Monday, June 1, 2015

Write beautiful code

Writing code is much more than an engineering discipline; it is a true art form. Each line of code you write reflects your understanding of the language, your ability to communicate ideas to other engineers, and the lessons lessons from previous projects.


There is no "correct" code style, just as there is no "correct" solution to any given engineering task. The internet is littered with style guides written in absolutes, and these can be useful, but often forget that the context of a project is as important as the code itself. Mocking up a proof of concept for a hobby project is very different than implementing a base class to be used by your entire team.


When you write code, your first priority is to satisfy functional and performance requirements. This is universally requisite, but as engineers, we often forget the importance of ensuring that our code be easy to understand by other programmers (including your future self). Remember that time you looked at a project from six months ago and had no idea how it worked?
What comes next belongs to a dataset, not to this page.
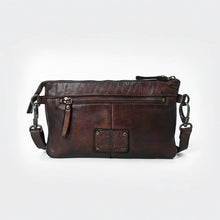 Load image into Gallery viewer, Santa Rosa studded leather crossbody purse in brown, front zip pocket view | Dodi Jo's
It doesn't have to be that way.


Let's dispel some myths about writing beautiful code.


Myth #1 - Verbose comments make you a bad programmer


Many engineers profess that comments are unnecessary, and that a good engineer should be able to read code completely devoid of comments. This sounds cool, and conjures up an image of a badass motherfucking sorcerer-hacker wizard-god reading the matrix on 16 goddamn monitors at once. The thing is, as mere mortals, we are better at processing natural language than code. Certainly we need to be able to read and understand code quickly, but it is usually easier to parse a few sentences in your native language than to truly understand the code in an unfamiliar function.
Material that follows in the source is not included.